And that was it. After a total of 4 hours running free, the jack_test3
suite spitted out these results, which speak from themselves:

*********** CONSOLIDATED RESULTS ************
Total seconds ran . . . . . . : 14400
Number of clients . . . . . . : 16
Ports per client . . . . . . : 4
*********************************************
Summary Result Count . . . . : 4 / 4
*********************************************
Timeout Rate . . . . . . . . :( 0.0)/hour
XRUN Rate . . . . . . . . . . : 0.0 /hour
Delay Rate (>spare time) . . : 0.0 /hour
Delay Rate (>1000 usecs) . . : 0.0 /hour
Delay Maximum . . . . . . . . : 77 usecs
Cycle Maximum . . . . . . . . : 1029 usecs
Average DSP Load. . . . . . . : 60.0 %
Average CPU System Load . . . : 19.6 %
Average CPU User Load . . . . : 47.7 %
Average CPU Nice Load . . . . : 0.0 %
Average CPU I/O Wait Load . . : 0.0 %
Average CPU IRQ Load . . . . : 0.0 %
Average CPU Soft-IRQ Load . . : 0.0 %
Average Interrupt Rate . . . : 1689.1 /sec
Average Context-Switch Rate . : 19781.4 /sec
*********************************************

This is frankly the best performance EVER on this laptop machine, given
these jackd parameters (-R -P60 -dalsa -dhw:0 -r44100 -p64 -n2 -S -P).

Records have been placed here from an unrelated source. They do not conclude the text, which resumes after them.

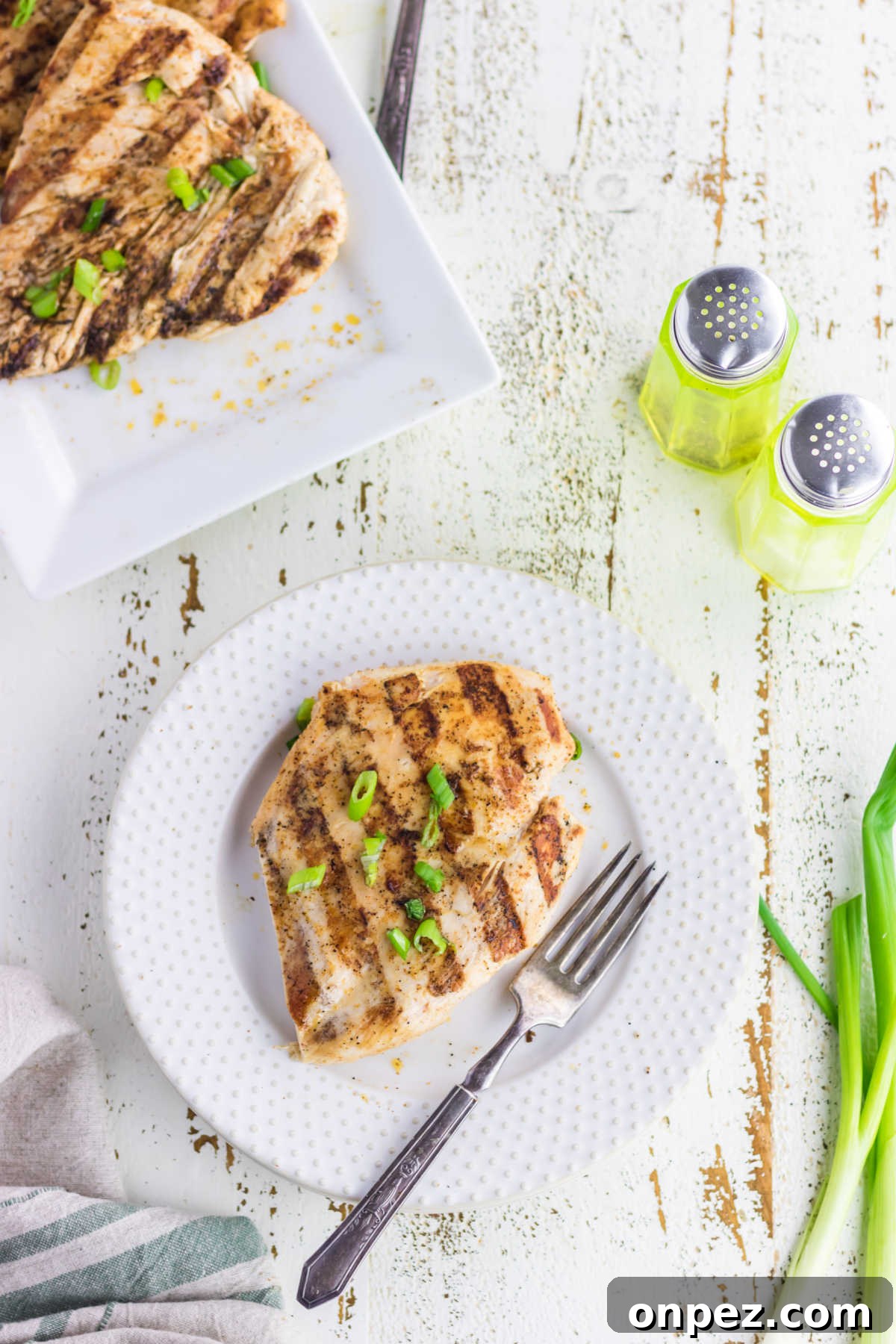 Juicy Cajun Grilled Chicken Breast Recipe 6 Chicken on a plate ready to eat.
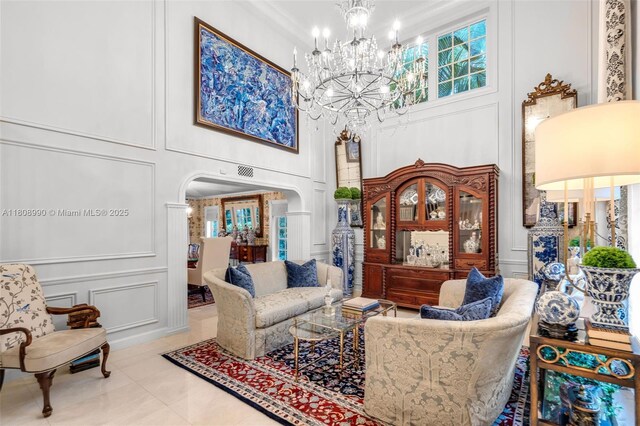 7360 SW 164th St, Palmetto Bay, FL 33157 - living room featuring a decorative wall, a high ceiling, arched walkways, a chandelier, and healthy amount of natural light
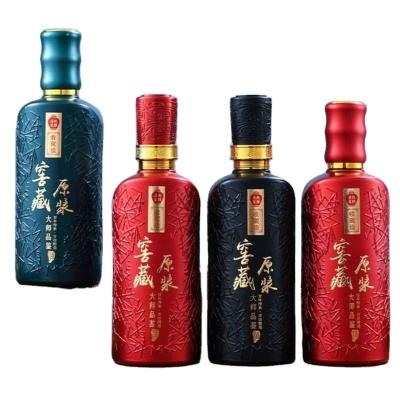 China Wholesale Luxury Beverage Wine Glass Bottles 500ml To Empty Imitate Ceramic Whiskey Brandy Gilding Wine Decanter for sale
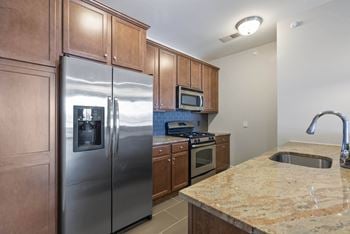 Energy-efficient stainless-steel appliances, including gas range, refrigerator with ice & water dispenser, dishwasher, microwave, and garbage disposal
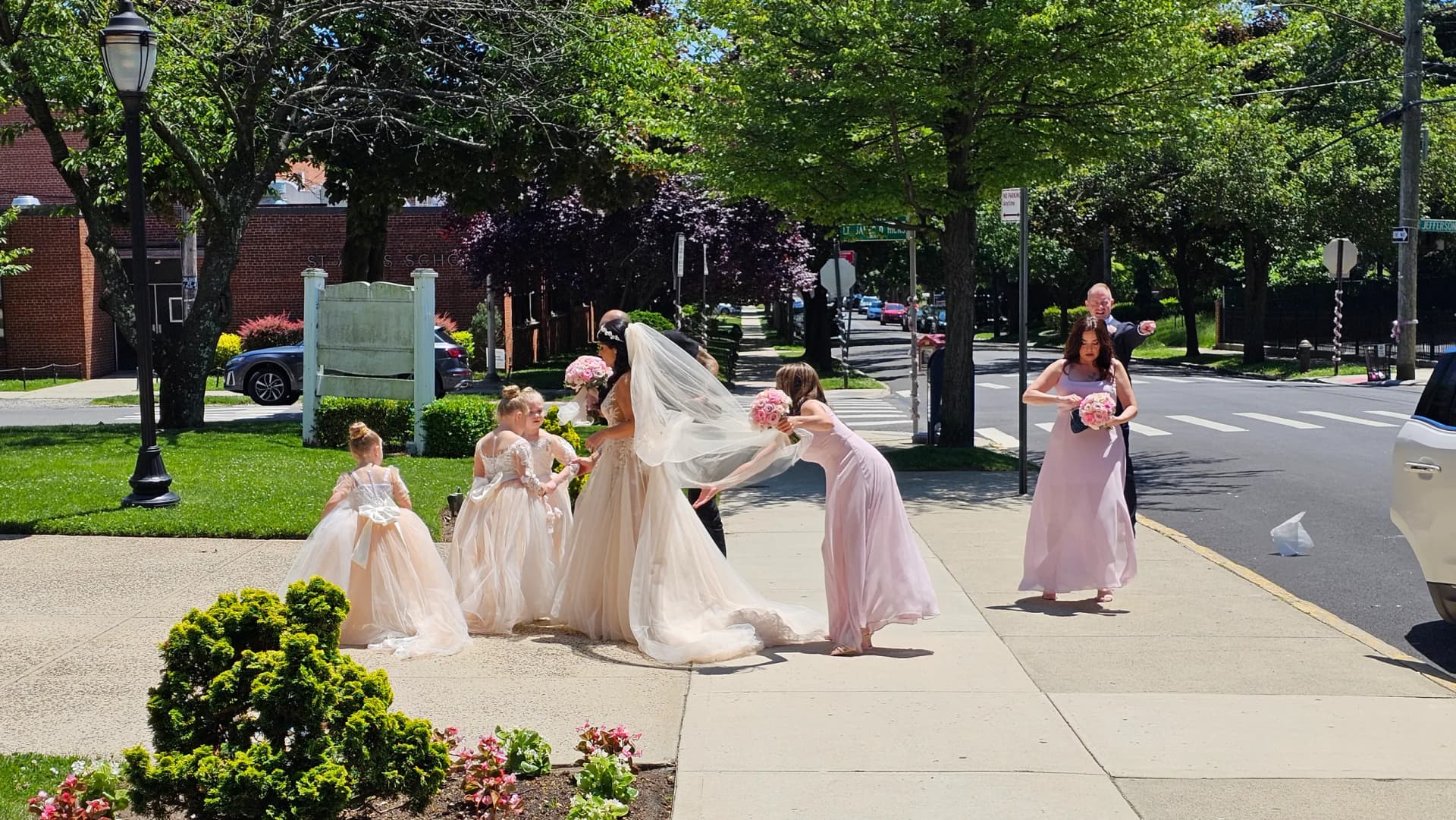 Flower girls and bridesmaids in blush dresses arriving at the church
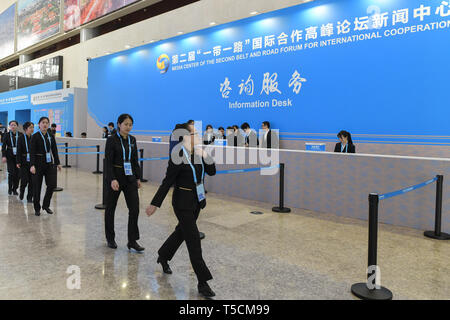 (190423) -- BEIJING, April 23, 2019 (Xinhua) -- Staff members walk pass the Information Desk of the Media Service Area in the Media Center for the second Belt and Road Forum for International Cooperation in Beijing, capital of China, on April 23, 2019. The media center started trial operation at the China National Convention Center in Beijing Tuesday. More than 4,100 journalists, including 1,600 from overseas, have registered to cover the second Belt and Road Forum for International Cooperation to be held from April 25 to 27 in Beijing. (Xinhua/Li He) Stock Photo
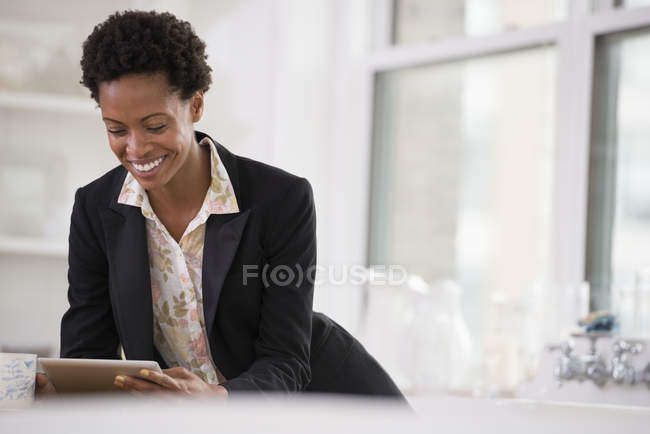 Середня доросла жінка в чорній куртці використовує цифровий планшет в офісі . — стокове фото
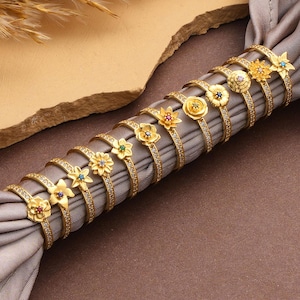 May include: A collection of gold-colored rings, each adorned with a unique floral or gemstone design. The rings are arranged on a gray fabric, with a neutral background. The rings are likely for fashion or jewelry.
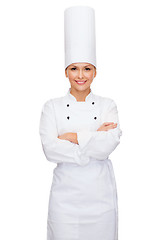 Image showing smiling female chef with crossed arms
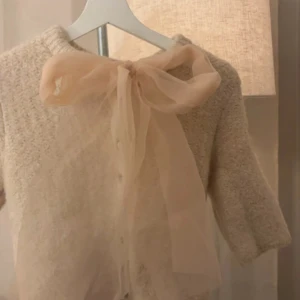 Beige kofta med rosett - Charmig beige kofta med trekvartsärm och en söt rosett framtill. Perfekt för en elegant och feminin look. Koftan har en mjuk och bekväm textur.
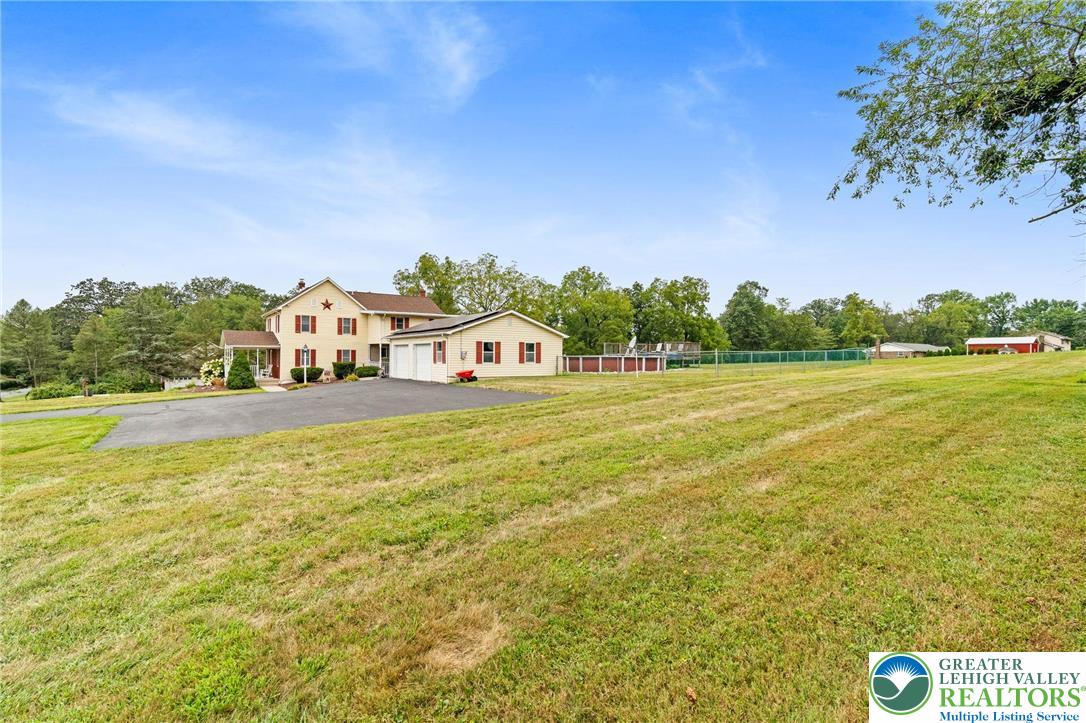368 Meyer Road Nazareth, PA 18064 - Photo 6 of 66 a view of a swimming pool with an outdoor seating and a garden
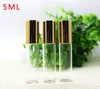 Wholesale 1200pcs Refillable Thick 5ml 1/6oz MINI ROLL ON Clear GLASS BOTTLES ESSENTIAL OIL Steel Metal Roller ball with Gold Cap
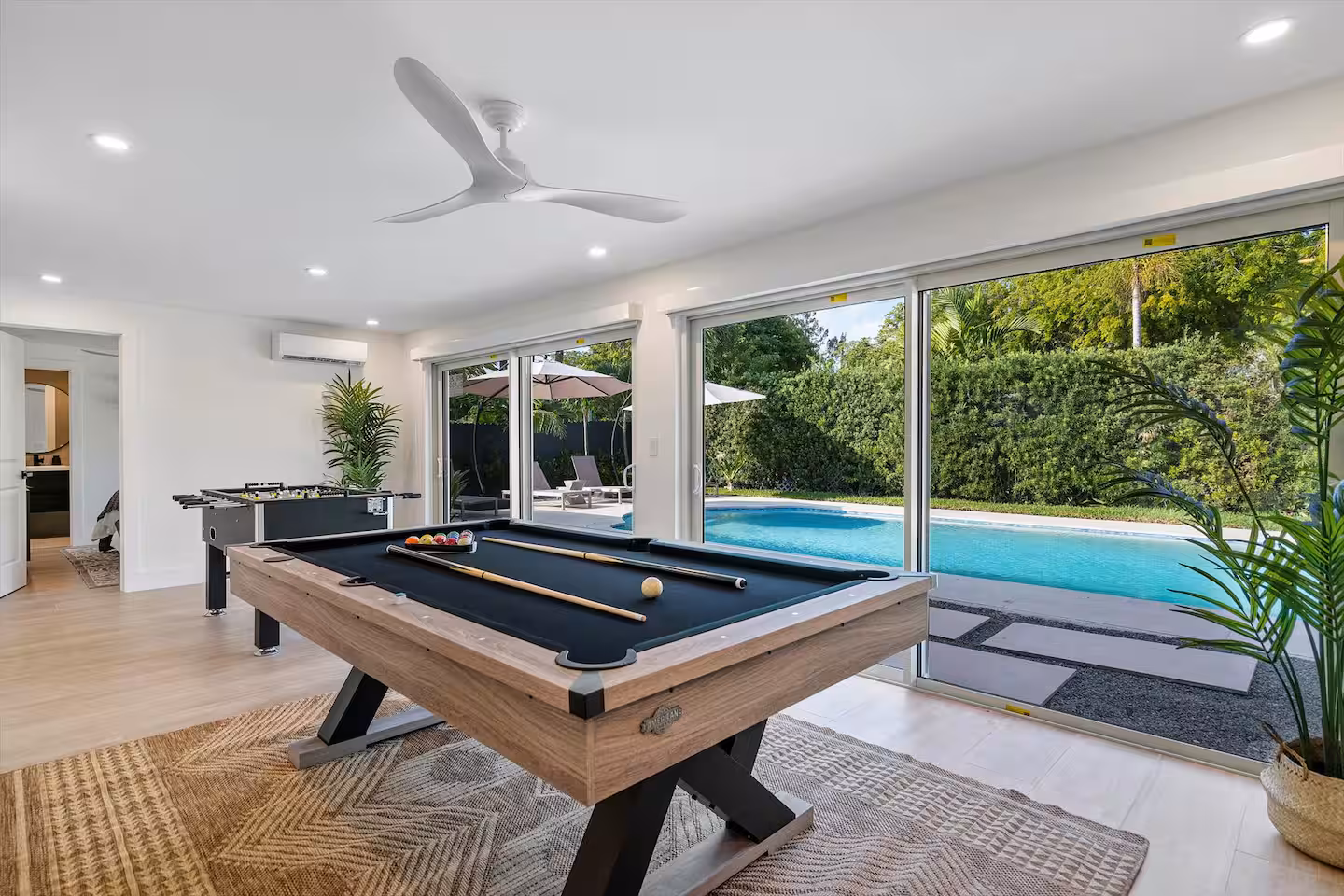 A modern indoor games room featuring a wooden billiard table and a foosball table, with large sliding glass doors overlooking a backyard swimming pool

Next step is really trying to increase the stress and look after when it
will break apart. It will not take too long...

First attempts, by just increasing the client count from 16 to 20, are
leading to what will be the next "horror show" :) CPU tops above 90%, and
after a couple of minutes running steadly it enters into some kind of
turbulence and hangs. Yeah, it just freezes completely.

So I guess we're having a lot more food to mangle ;)

Stay tuned.
--
rncbc aka Rui Nuno Capela
***@rncbc.org
Rui Nuno Capela
2004-12-02 12:59:41 UTC
Permalink
Post by Rui Nuno Capela
Next step is really trying to increase the stress and look after when it
will break apart. It will not take too long...
First attempts, by just increasing the client count from 16 to 20, are
leading to what will be the next "horror show" :) CPU tops above 90%, and
after a couple of minutes running steadly it enters into some kind of
turbulence and hangs. Yeah, it just freezes completely.
So I guess we're having a lot more food to mangle ;)
After a bit of investigation, I've found some evidence that the "horror
show" is primarily due to XRUN fprintf stderr storm. If I simply remove
that fprintf line from jack/drivers/alsa/alsa_driver.c (around line 1084),
I can run more than 20 jack_test3_client's without hosing the system.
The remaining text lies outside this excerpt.